Exercise goal: Please keep pictures out of the copy, and print exactly the lines from the one containing "Custom Dollars Sign" through the end of the records.
### Given data ###
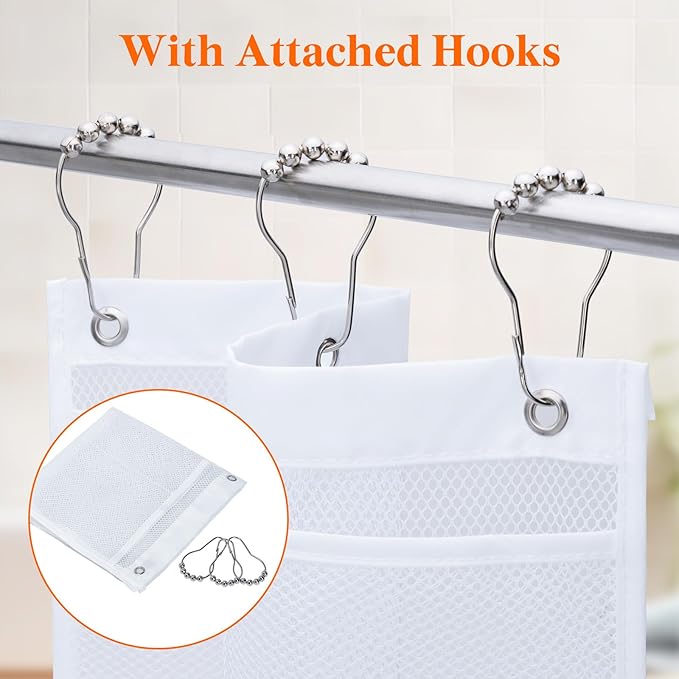 Lifewit Mesh Shower Caddy, 7 Pockets Hanging Shower Organizer with Quick Drying Mesh, Portable Space Saving Bathroom Organizer to Hold Soap, Shampoo and Cruise Ship Essentials, White, Medium - 3 Pack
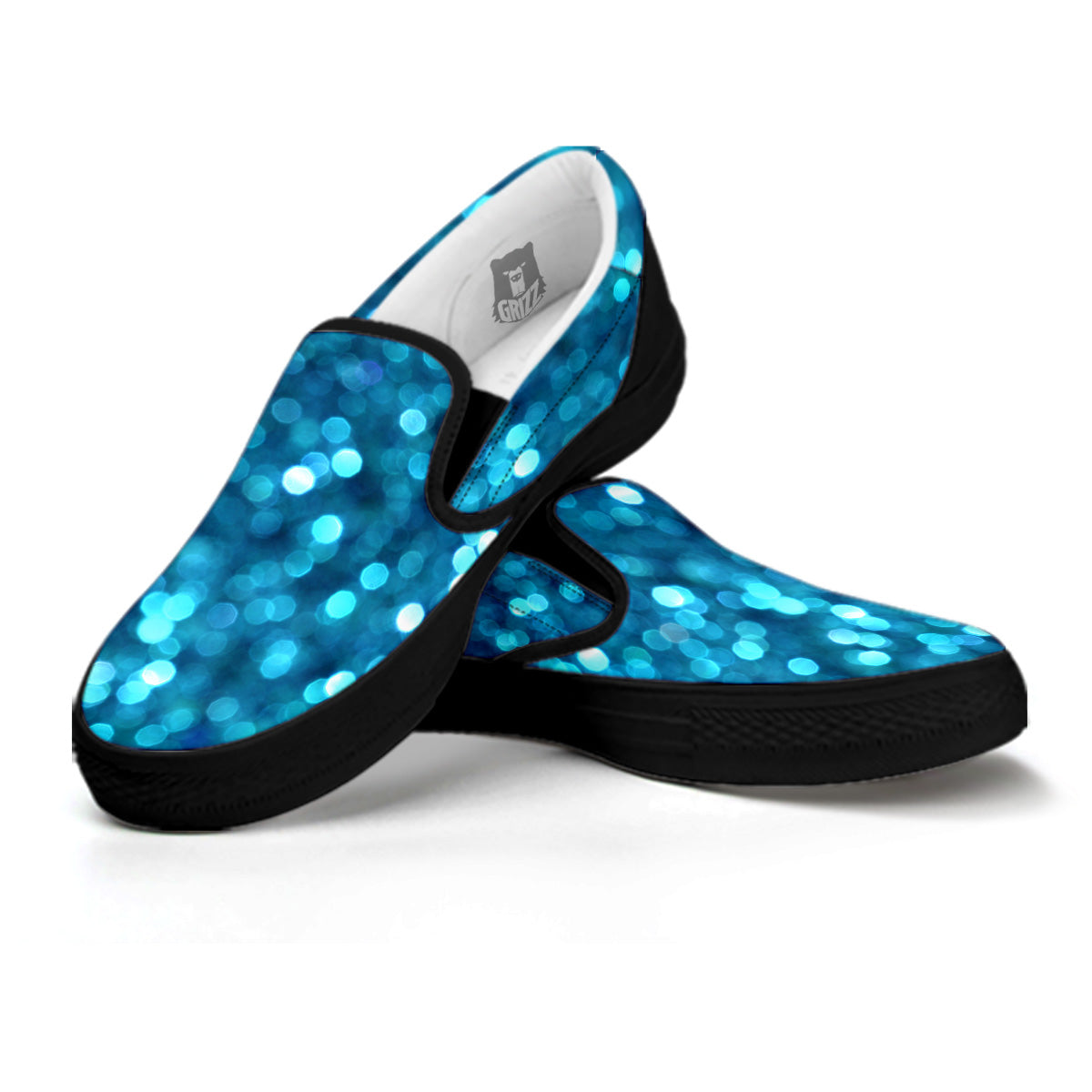 Light Blue Sparkle Print Black Slip On Shoes-grizzshop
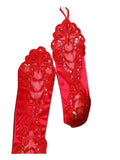 Women's Red Short Lace Decorated Wedding Party Gloves/protect 7057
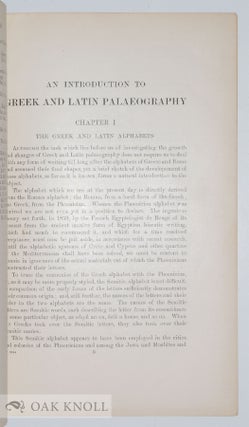 AN INTRODUCTION TO GREEK AND LATIN PALAEOGRAPHY.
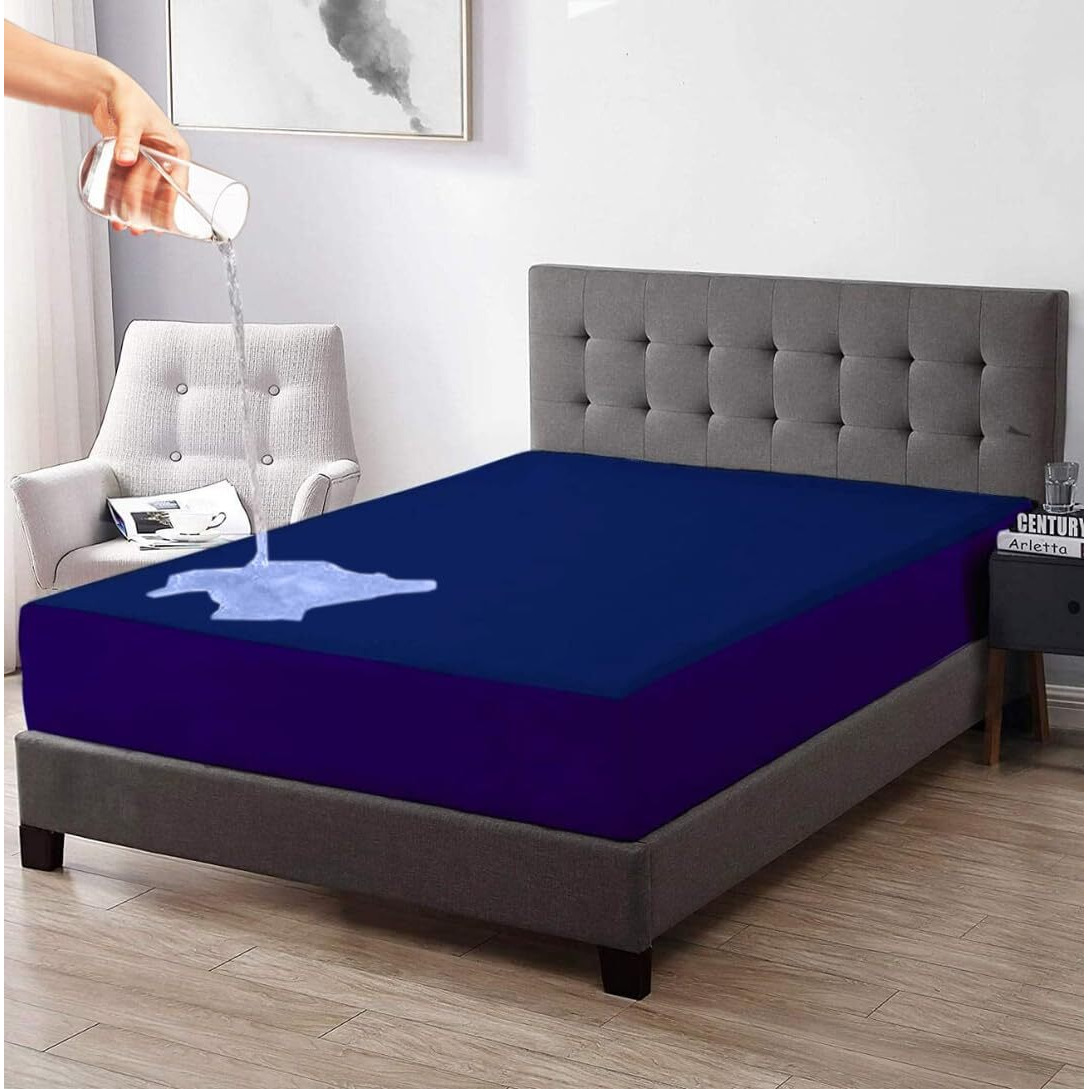 Trance Home Linen Premium 220 GSM+ 75  x 42  Cotton Terry Waterproof Mattress Protector | Elasticated Fitted Style Non-Toxic Bed Protector | Mattresses Cover (75x42 inch | 6.25x3.5 feet,Ink Blue)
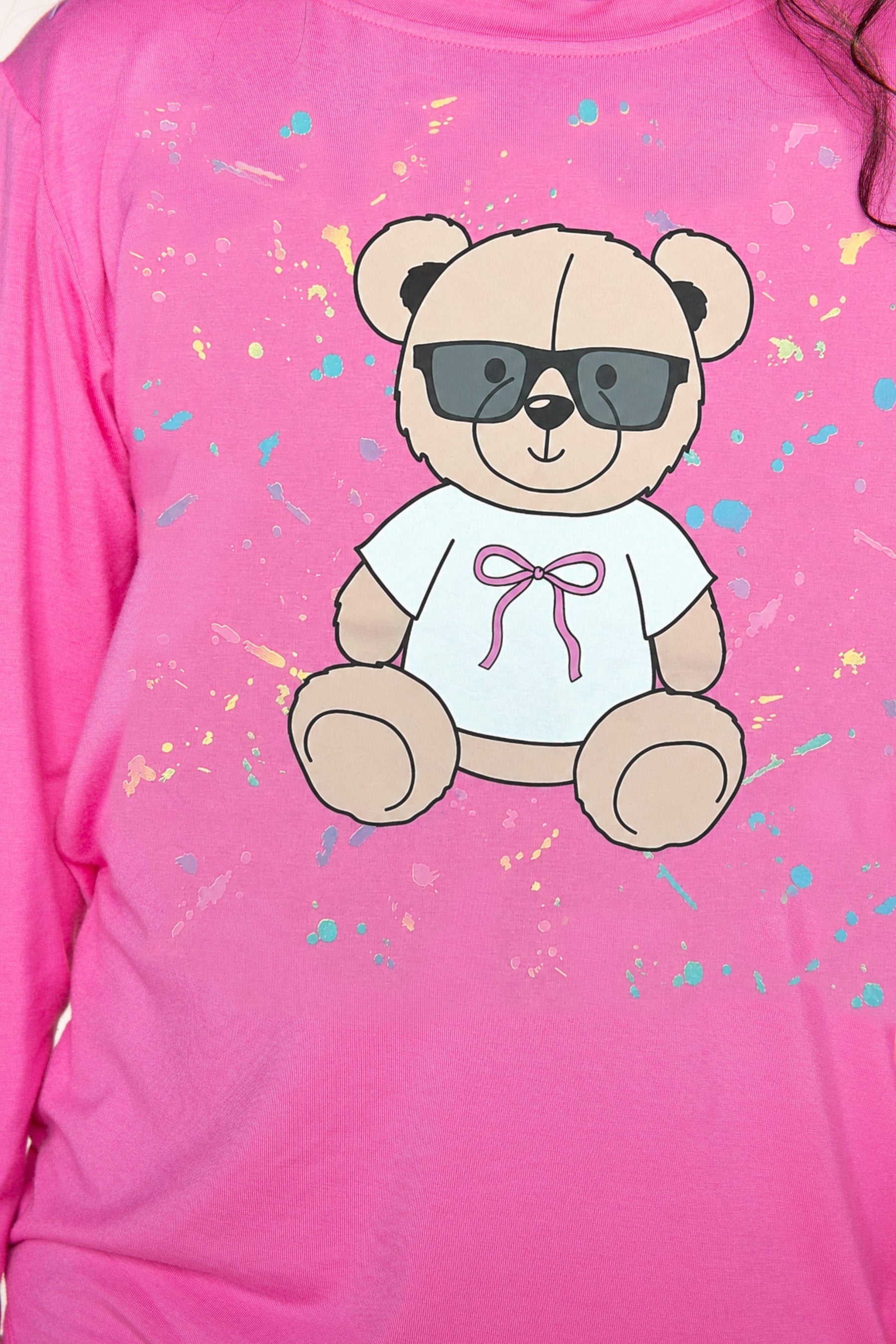 Modal Long Sleeve Shirttail Top - Black Rose Gold Glitter
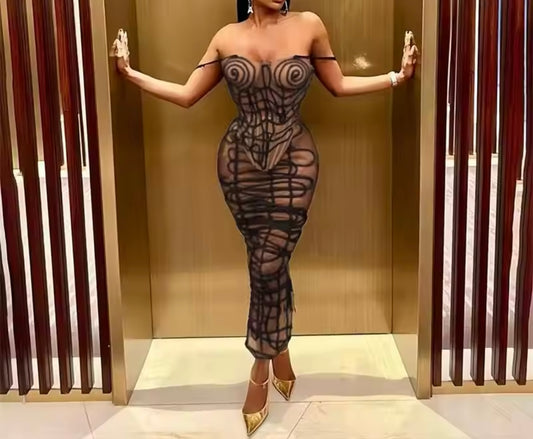 Stripe Mesh Skirt Set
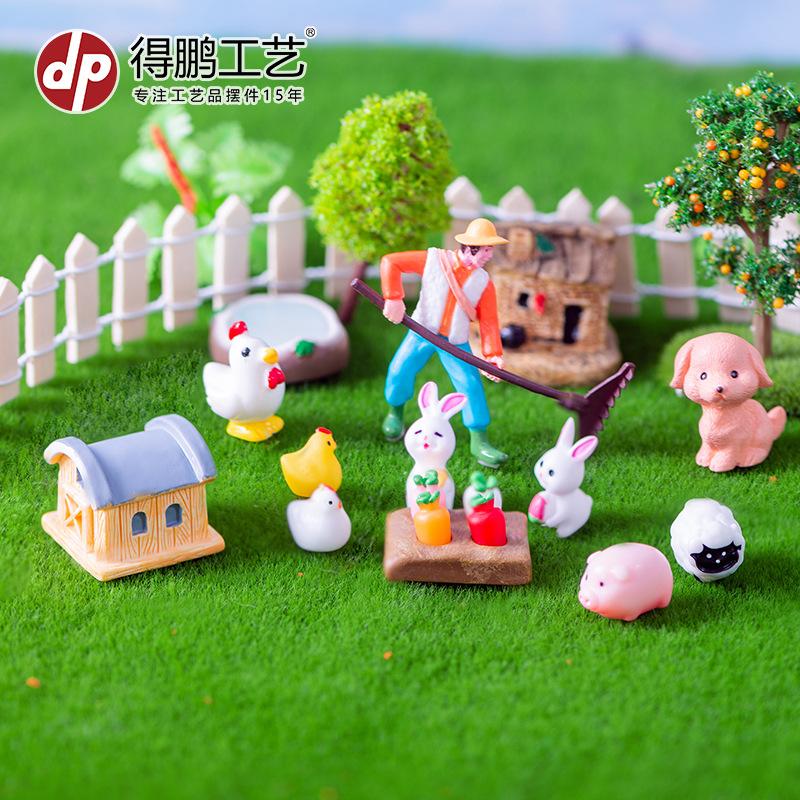 farm micro landscape landscape decoration cute animal chicken rabbit sheep pig puppy resin decorations decorations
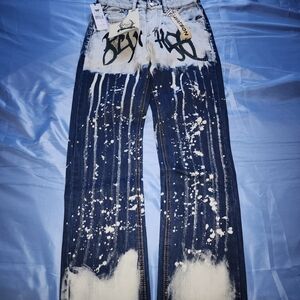 WATSON MWN'S EMBROIDERED REVENGE ACID WASH BLEACHED DENIM JEANS SIZE 30W/32L NEW
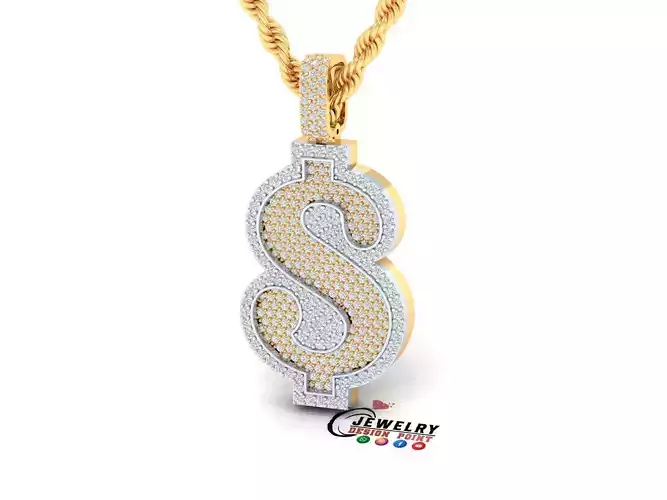 Custom Dollars Sign Diamond Pendant - Money Sign Necklace  3D print model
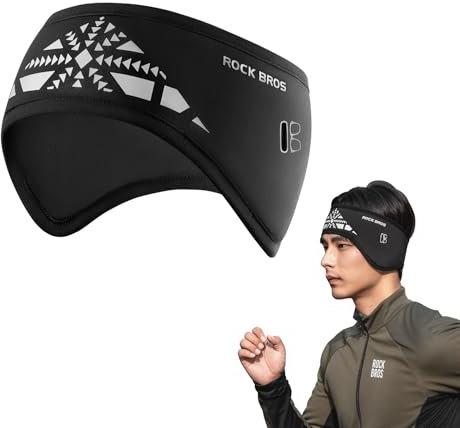 ROCKBROS Sport Stirnband Damen und Herren Winter, Elastische Stirnband Mit Klettverschluss, Winter Ohrenwärmer Stirnband Warmes für Joggen, Laufen, Wandern, Fahrrad und Skifahren, Sport Zubehör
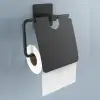 New Kendiliğinden Yapışkanlı Siyah Paslanmaz Metal Kapaklı Tuvalet Kağıtlığı Aparatı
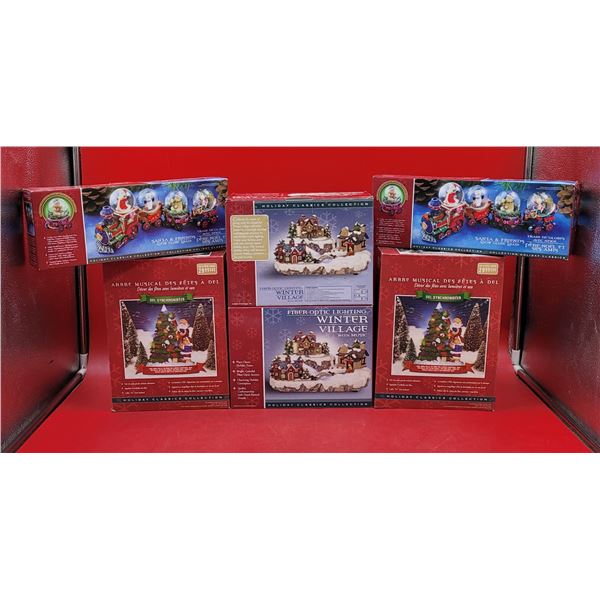 2 Snow Globe Trains, 2 Winter Villages w/ Music, & 2 Musical LED Holiday Trees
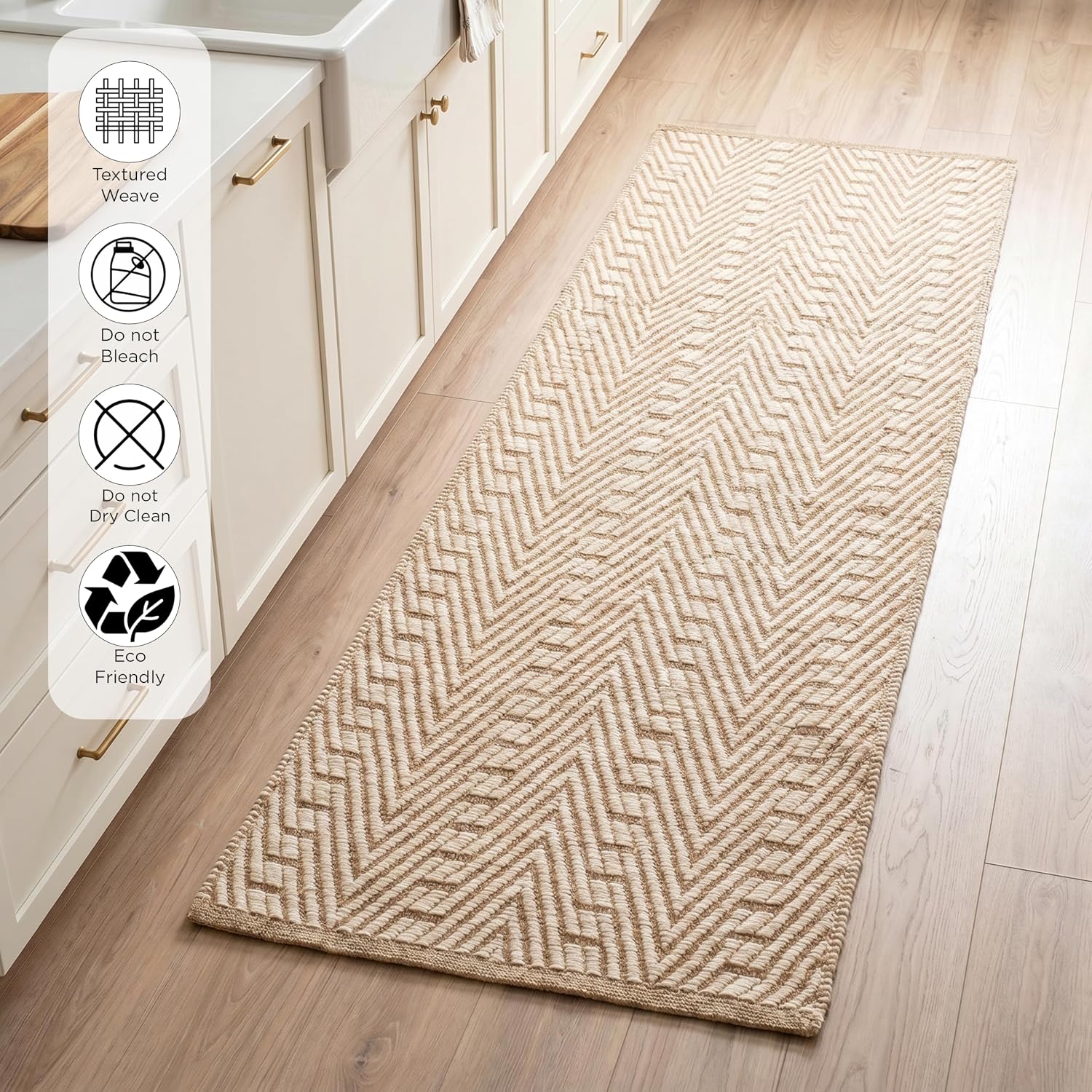 2x6 White Geometric Cotton Runner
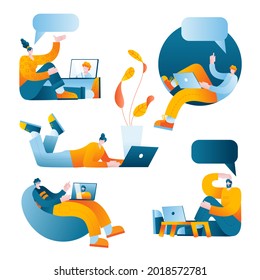 Los personajes con laptops se comunican a través de la comunicación por video. Un conjunto de ilustraciones vectoriales sobre el tema de promesas remotas y conferencias de Internet.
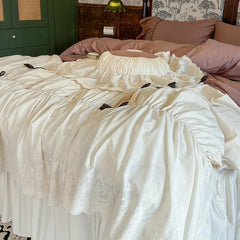 YICKYUE 100% Cotton Vintage French Pleated Lace Ruffles Bow Princess Bedding Set Duvet Cover Set Bed Skirt Bedspread Pillowcases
###
Expected answer:
 Custom Dollars Sign Diamond Pendant - Money Sign Necklace  3D print model
 ROCKBROS Sport Stirnband Damen und Herren Winter, Elastische Stirnband Mit Klettverschluss, Winter Ohrenwärmer Stirnband Warmes für Joggen, Laufen, Wandern, Fahrrad und Skifahren, Sport Zubehör
 New Kendiliğinden Yapışkanlı Siyah Paslanmaz Metal Kapaklı Tuvalet Kağıtlığı Aparatı
 2 Snow Globe Trains, 2 Winter Villages w/ Music, & 2 Musical LED Holiday Trees
 2x6 White Geometric Cotton Runner
 Los personajes con laptops se comunican a través de la comunicación por video. Un conjunto de ilustraciones vectoriales sobre el tema de promesas remotas y conferencias de Internet.
 YICKYUE 100% Cotton Vintage French Pleated Lace Ruffles Bow Princess Bedding Set Duvet Cover Set Bed Skirt Bedspread Pillowcases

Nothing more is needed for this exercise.